Hints of Shakespeare’s “pervasive presence” can be found in HBO’s Succession, which impressed on-again, off-again viewers like myself with a brilliant Season 3 finale last week. While there’s nothing in the series comparable to King Lear’s rhetorical/poetical energy, the characters and dialogue are enlivened by colorfully profane invective, with Brian Cox’s modern day Lear, Logan Roy, delivering the mightiest curses, most frequently in the form of f-off (or eff-off ) bombs in a world where the show’s f-word flies fast and free. Sites have been devoted to documenting the f-word and its derivatives, as in uproxx.com’s “comprehensive breakdown of “Every ‘F*3k Off’ “ in Season One.

Shakespeare in Chicago

Unlike Succession, Station Eleven, a post-apocalyptic miniseries on HBO Max based on Emily St. John Mandel’s 2014 novel of the same name, brings you in and keeps you watching from the first moment, which takes place in a large Chicago theater during a production of King Lear. The scene in progress is the one in which Lear enters “fantastically dressed with flowers.” When the blind Duke of Gloucester recognizes his voice (“Is’t not the king?”), Lear replies, “Ay, every inch a king. When I do stare, see how the subject quakes.” But all the quaking is being done by Arthur Leander (Gael García Bernal), the actor playing Lear. The one person in the theatre who knows what’s going on hurries to the stage as Leander collapses and apparently dies. Only Jeevan (Himesh Patel), the man who rushed the stage, seems to be aware of the onset of the plague that will soon do away with all but a fraction of humanity. Seeing that there’s no one to look after Kirsten Raymonde (Matilda Lawler), an 8-year-old actress who is presumably playing one of Lear’s daughters as a child (although no such part exists in the play), Jeevan takes it upon himself to find her parents or her handler or, if need be, to see her safely home.

Visual Poetry

The scenes in which the big dark-bearded, bundled-up man and the gaily, brightly bundled-up little girl make their way through a wintry Chicago night are at once charming and compelling, thanks to the visual poetry created by so unlikely a couple. Perhaps because my search for the spirit of the season has me thinking in extremes, such as Shakespeare’s “aurora borealis” or “spell of light,” I’m inclined to see the child — in her blue, orange, vermillion winter jacket, her matching even more colorful scarf, and especially her magnificent knit cap, with the multicolored tassel on top — as a fairy tale Christmas tree ornament come to life.

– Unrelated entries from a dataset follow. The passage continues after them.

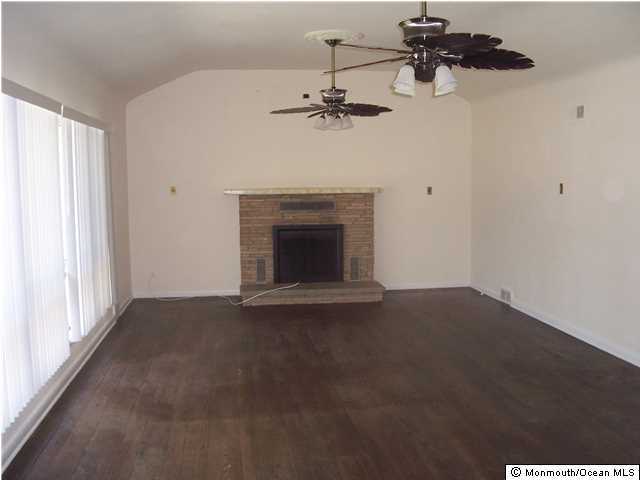 84 Rumson Road Rumson, NJ 07760 - Photo 5 of 5 an empty room with windows and fireplace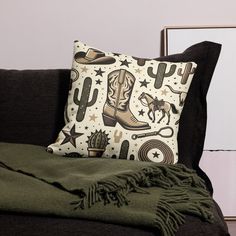 a pillow with cowboy boots and stars on it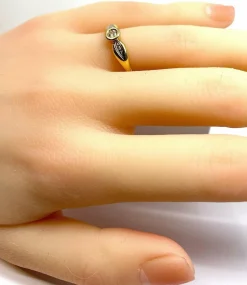 Bague solitaire en or jaune et diamants
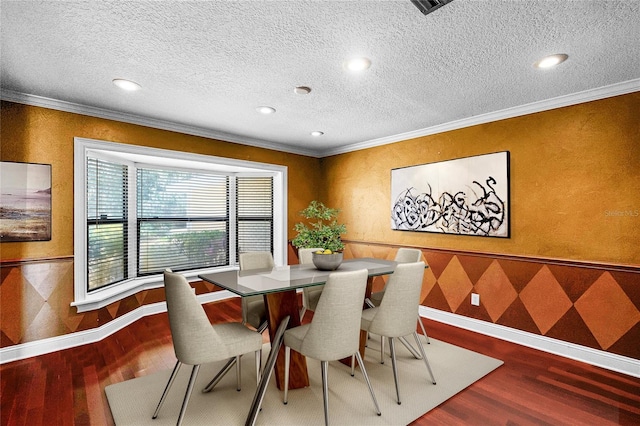 dining room featuring a textured ceiling, baseboards, crown molding, and wood finished floors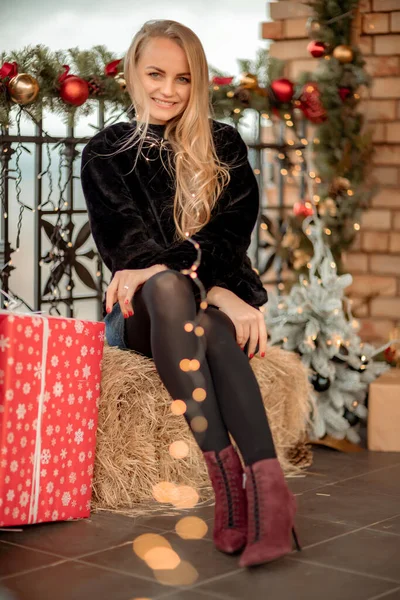 Joven rubia con el pelo largo cerca de la cafetería, decorada para Navidad. Ella está vestida con un abrigo de piel corta negro y un vestido corto azul. —  Fotos de Stock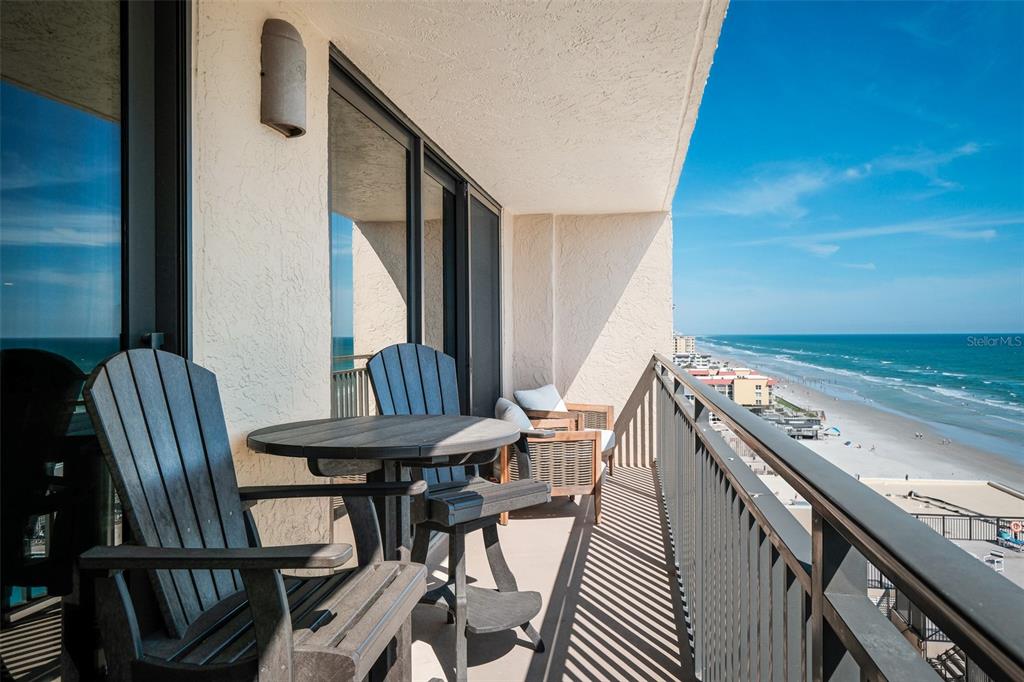A balcony with outdoor furniture overlooks a sandy beach and the ocean under a blue sky — 4139 S ATLANTIC AVENUE UNIT B508, NEW SMYRNA BEACH, FL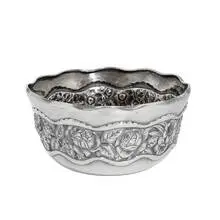 Whiting Mfg. Co., round bowl with undulating rim and repoussé floral decoration, #187, New York, USA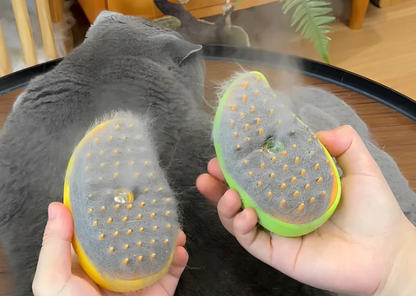 both of the variant of the Steamy Brush(yellow and green) being held upside down showcasing the great amount of cat hair they have collected while emitting steam. A gray cat laying down is visible in the background after it has been massaged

But what strikes me more than anything else is her bearing, the way she seems to perceive the world as she walks around the big city with an imposing stranger, just the sort that she’s been told by her parents to avoid; and after she tells him as much, she sizes him up as if he were applying for a part in her play. When he formally introduces himself, she looks at him, pointedly, intelligently taking him in, no “cute little girl” mannerisms. She’s at home in the world, like Rosalind and Portia and other heroines imagined to life by the “great maestro of the human heart.”

Thomas DeQuincey ends his essay, “On the Knocking at the Gate in Macbeth”: “O, mighty poet! Thy works are not as those of other men, simply and merely great works of art; but are also like the phenomena of nature, like the sun and the sea, the stars and the flowers, — like frost and snow, rain and dew, hail-storm and thunder, which are to be studied with entire submission of our own faculties, and in the perfect faith that in them there can be no too much or too little, nothing useless or inert — but that, the further we press in our discoveries, the more we shall see proofs of design and self-supporting arrangement where the careless eye had seen nothing but accident!”